Step 3 — Mark affected submissions
UPDATE submissions SET status = 'purged',
error_message = 'DR-FP-03 KMS key destroyed, data unrecoverable'
WHERE id IN (SELECT DISTINCT submission_id FROM submission_fields WHERE kms_key_version = '<destroyed>');
Step 4 — Notify submitters
Using submissions.submitter_email, send notification requesting re-submission.
Step 5 — Lessons learned
Review why the key was destroyed. Was grace period missed? Who had cryptoKeyVersions.destroy permission? Remove that permission from all humans; restrict to break-glass service account only.

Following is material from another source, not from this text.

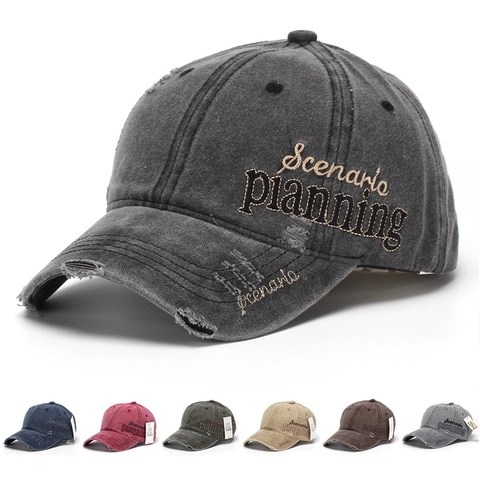 Casquette De Baseball En Coton Lavé Usé Vintage Broderie Lettres Chapeau Soleil Ajustable Hommes Femmes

DR-FP-04 — Region-wide us-central1 outage¶
Scenario: Entire us-central1 is down for > 1 hour
Reality check: Forms portal is zonal (db-f1-micro doesn't support regional HA at that tier). Full region outage means forms portal is offline until region recovers. Legacy PHP app at forms.us.gl3 (on-prem Meraki WDC) continues to function and can serve as fallback.
Step 1 — Redirect DNS to legacy
- DNS: change forms.greenpeace.us CNAME to point at legacy Apache (requires DNS admin action)
- Legacy PHP forms remain functional for the outage duration
Step 2 — Communicate
- Slack #it-ops + staff email: "forms.greenpeace.us degraded, using legacy interim"
Step 3 — Recovery - When us-central1 returns, DNS CNAME flips back - Any submissions made through legacy during outage stay in the legacy DB (document in IAR as known gap; manual migration post-recovery if needed)
Step 4 — Consider upgrade
- If region outages recur, upgrade gpus-forms-db to regional HA (--availability-type=regional, ~$50/mo additional). Justify via incident count.
DR-FP-05 — Legacy MySQL in_formfeed compromise or loss¶
Scenario: Legacy read-only reference DB at 34.171.123.238 is compromised or lost
Reality check: If Phase 1.5 migration completed, this is low-impact — form definitions already live in YAML in the repo. The legacy DB is cold reference only.
Step 1 — Assess
- Is the new forms portal running with all YAML loaded? Confirm via boot.yaml_load count.
- If yes: no action required. Legacy loss is non-event.
Step 2 — If still mid-migration
- All migration data came from category, form, field, pulldown, template tables — 260KB total
- Re-migrate from latest backup of legacy instance (automated backups should be enabled)
Step 3 — Document - Note legacy loss in IAR; close legacy MySQL line item
Testing schedule¶
Per existing DR pattern at GPUS:
- Quarterly — DR-FP-01 cold-restore test (scheduled via Cowork recurring task — already created 2026-04-18)
- Annually — DR-FP-03 + DR-FP-04 tabletop exercise
- On change — re-verify after any major infra change (DB tier change, KMS rotation policy change, region migration)
Document each test result in mkdocs-portal/docs/infrastructure/runbooks/backup-restore.md.